Changing priorities and a growing resale market leaves handbag retailers holding the bag.

When it comes to consumer products and services, sometimes the best way to determine which way the market it headed is to take a look at your own behavior patterns and buying habits. After all, we’re all consumers.

Last week, in our TrendCast on teen spending trends, I noted handbag spending hit a Piper Jaffray survey low. That didn’t really surprise me (though I’m not a teen), since I hadn’t bought a new bag this year—and I would describe myself as a bit of a handbag junkie.

A report from NPD confirms this downward trend extends beyond teens and me. The women’s handbag/totes business is down over 20% in the first eight months of 2019, compared to 2016. NPD says, “This is clearly not a blip—it’s a major shift. The challenge is that it’s not just one thing driving the decline—it’s a convergence of many marketplace dynamics.”

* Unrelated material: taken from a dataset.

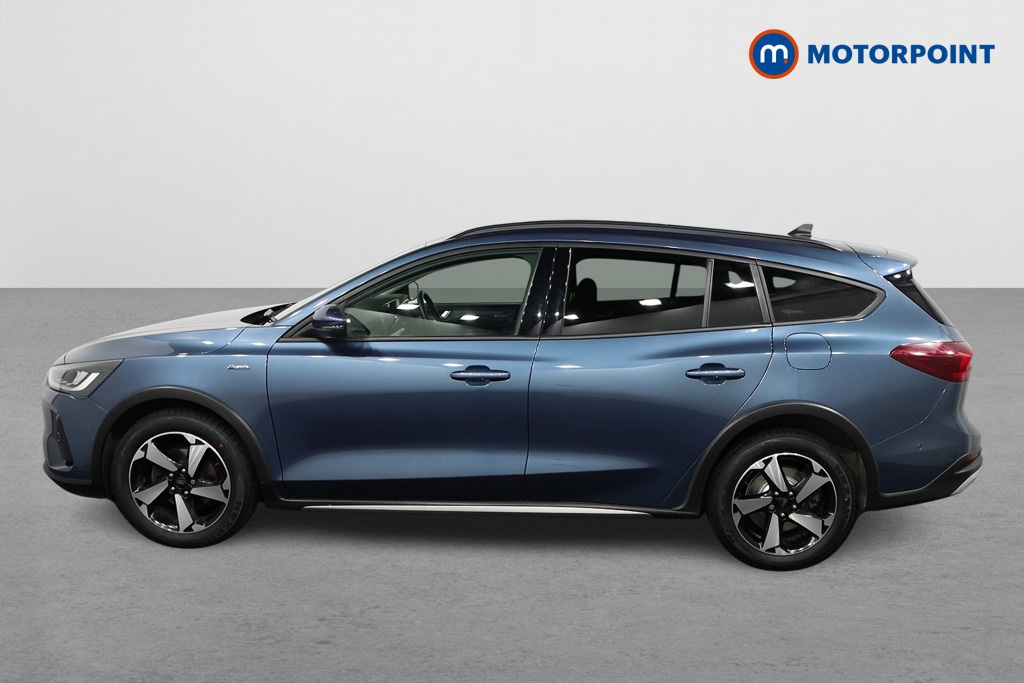 Used Ford Focus 2023 for sale - 77013803: Photo 4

NPD says those dynamics include:

Changing priorities. Consumers are spending more on products offering “convenience at home, media entertainment, and wellness.” Plus, it adds, the new fashion status symbols are active apparel and footwear.

Consumers want “a solution, not just a bag.” NPD says consumers expect “function and versatility” and look at a company’s “engagement in the social and environmental issues that matter to them.”

NPD calls the growth of the resale market “a threat and an opportunity for the handbag market.” It expects “renting will gain traction in handbags during the next few years.”

Going forward NPD says they don’t think the handbag business will “return to its former glory, where a few hot brands/items were enough to drive the market as a whole.”

This is all further complicated by the millennials, who in another NPD survey said, “shopping for handbags is ‘closer to buying a car than to buying clothing’”  and by concern about tariffs. In its Navigating Pricing in a Post-Tariff World study, NPD said handbags were a “high-impact” category, at risk for additional sales declines, since consumers consider handbags “nice-to-have” but not a “must-have”.

The good news for entrepreneurs is NPD says the industry “bright spots” will “likely come from smaller players” who are tuned in to consumers’ priorities. And that if you want to make it in this business, you need to “become far more consumer centric.”